### What the task asks:
All lines from the one bearing "B&B Hotel Bergamo City-1" through the end of the data below must be printed exactly as they stand, with pictures removed.

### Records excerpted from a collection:
=== Begin Enclosure ===

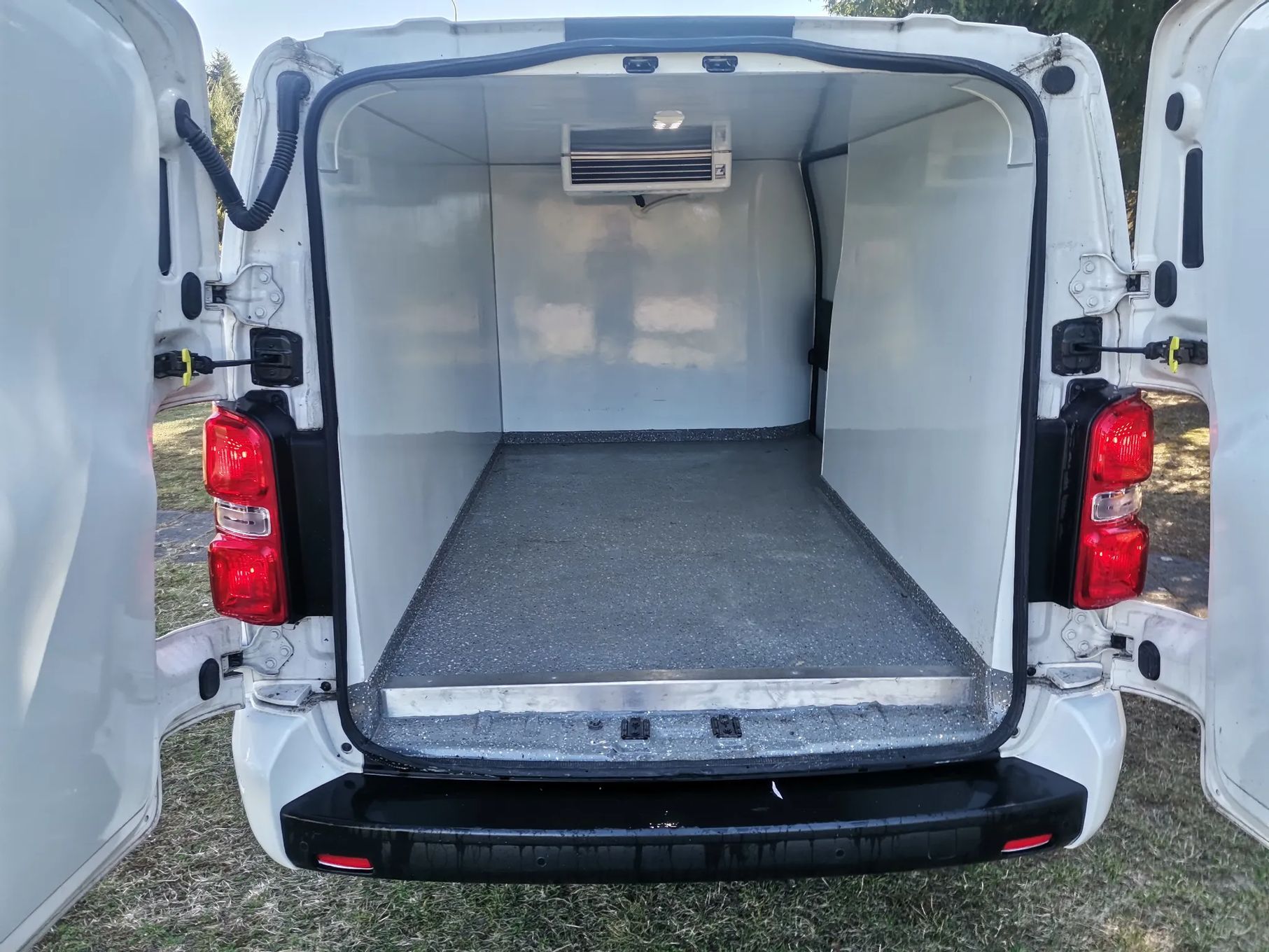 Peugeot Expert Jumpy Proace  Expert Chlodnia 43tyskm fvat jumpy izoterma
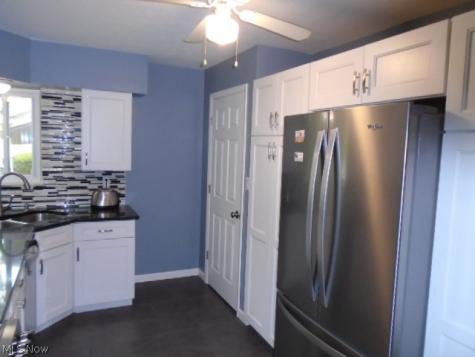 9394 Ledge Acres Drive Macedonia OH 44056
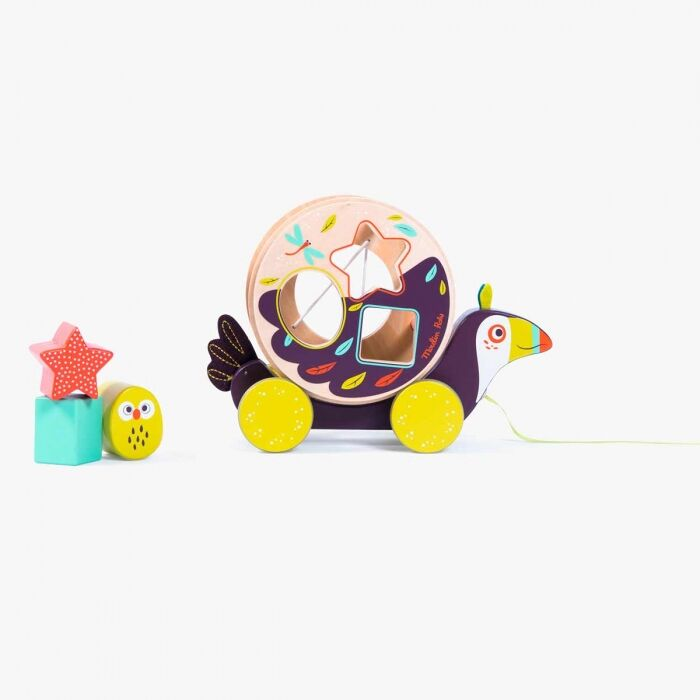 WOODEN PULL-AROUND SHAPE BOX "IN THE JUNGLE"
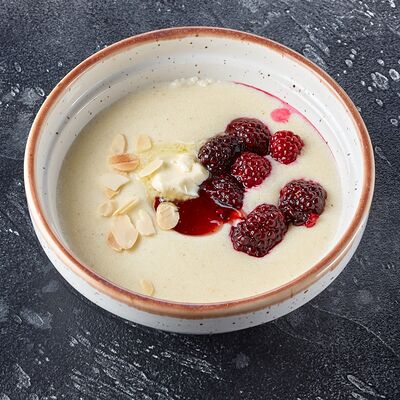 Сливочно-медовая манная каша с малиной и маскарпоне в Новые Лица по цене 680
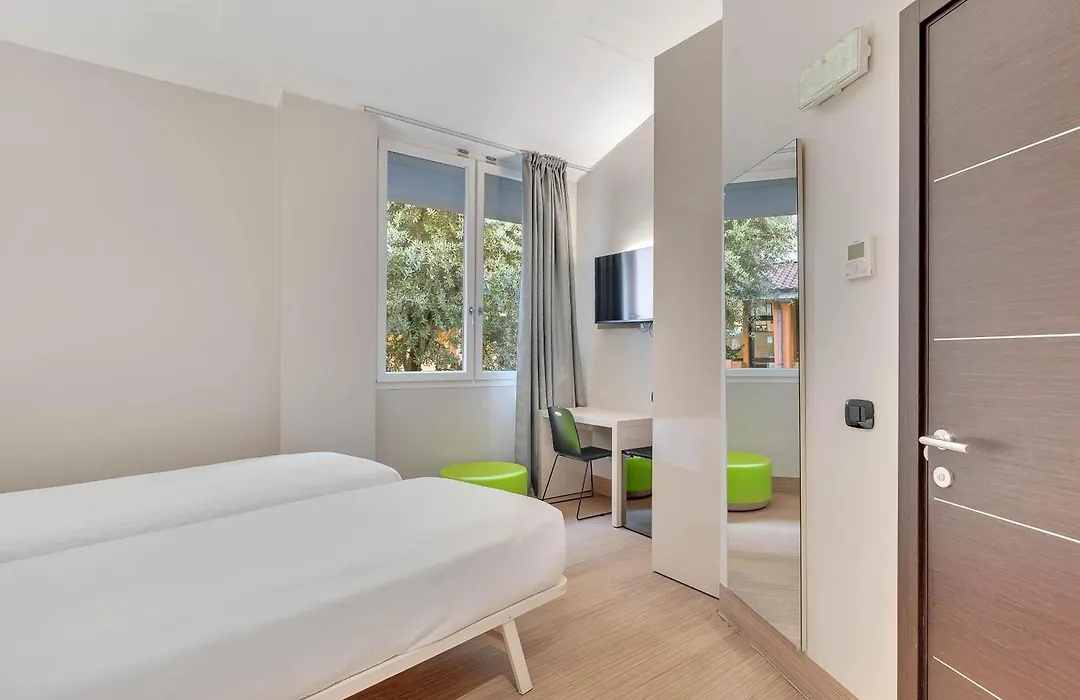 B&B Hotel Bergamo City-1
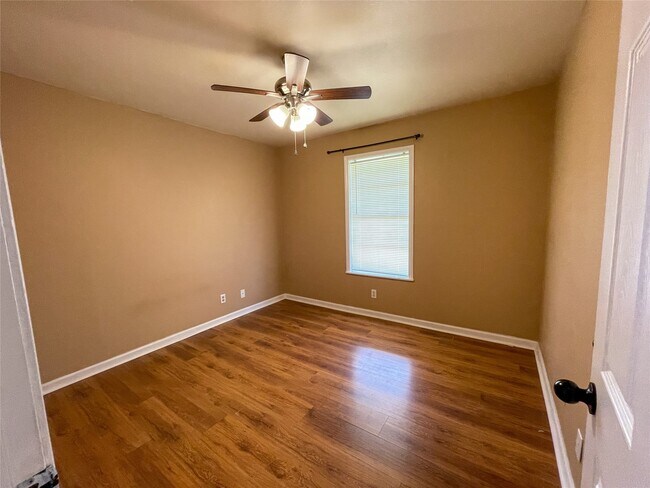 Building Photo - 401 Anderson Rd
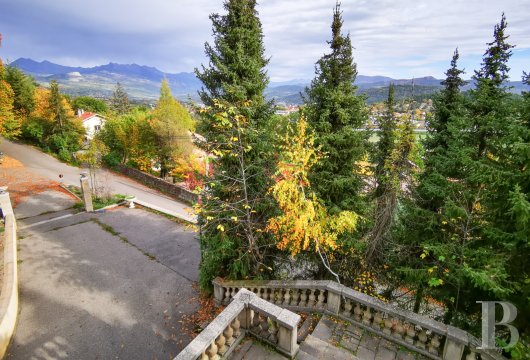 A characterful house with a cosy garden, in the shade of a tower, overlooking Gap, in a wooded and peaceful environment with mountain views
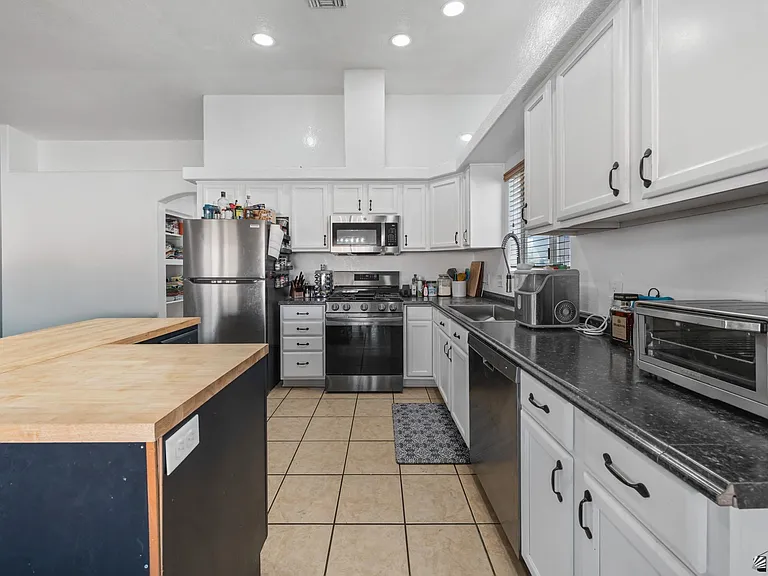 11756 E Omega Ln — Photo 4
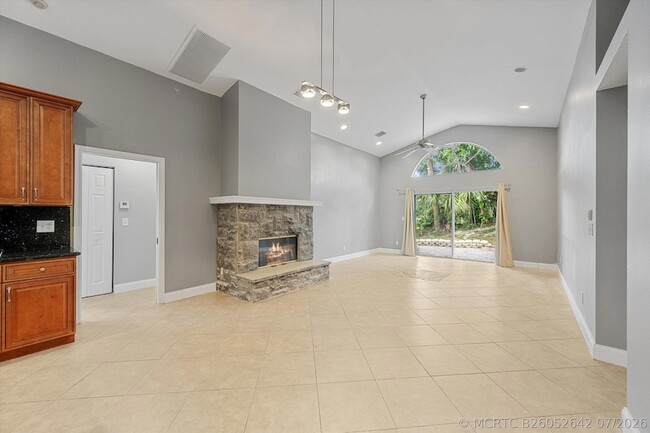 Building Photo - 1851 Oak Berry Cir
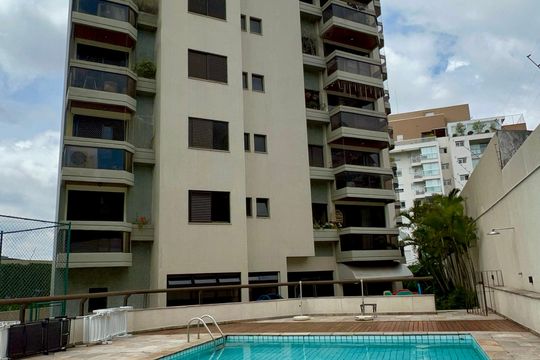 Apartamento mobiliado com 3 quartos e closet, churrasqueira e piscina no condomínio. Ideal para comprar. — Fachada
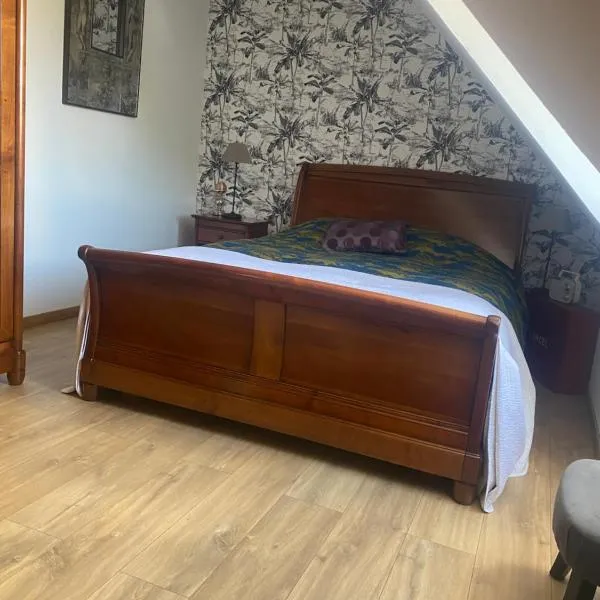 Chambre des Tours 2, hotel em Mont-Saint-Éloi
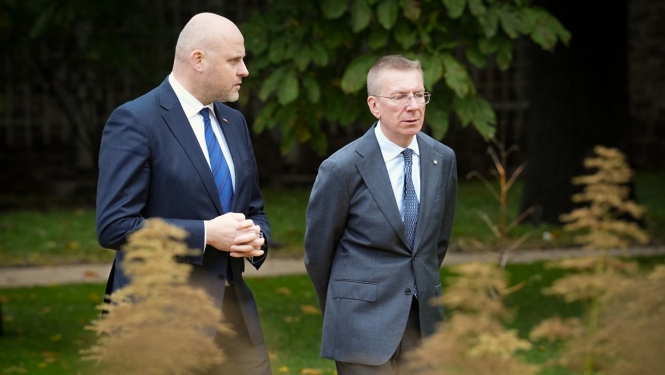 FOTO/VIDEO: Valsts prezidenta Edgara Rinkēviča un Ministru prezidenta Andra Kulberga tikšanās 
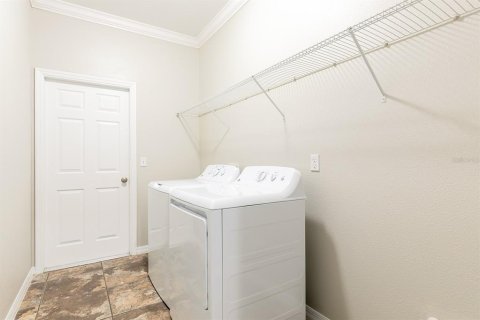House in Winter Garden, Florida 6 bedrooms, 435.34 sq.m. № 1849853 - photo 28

=== End Enclosure ===

### The completed task:
 B&B Hotel Bergamo City-1
 Building Photo - 401 Anderson Rd
 A characterful house with a cosy garden, in the shade of a tower, overlooking Gap, in a wooded and peaceful environment with mountain views
 11756 E Omega Ln — Photo 4
 Building Photo - 1851 Oak Berry Cir
 Apartamento mobiliado com 3 quartos e closet, churrasqueira e piscina no condomínio. Ideal para comprar. — Fachada
 Chambre des Tours 2, hotel em Mont-Saint-Éloi
 FOTO/VIDEO: Valsts prezidenta Edgara Rinkēviča un Ministru prezidenta Andra Kulberga tikšanās 
House in Winter Garden, Florida 6 bedrooms, 435.34 sq.m. № 1849853 - photo 28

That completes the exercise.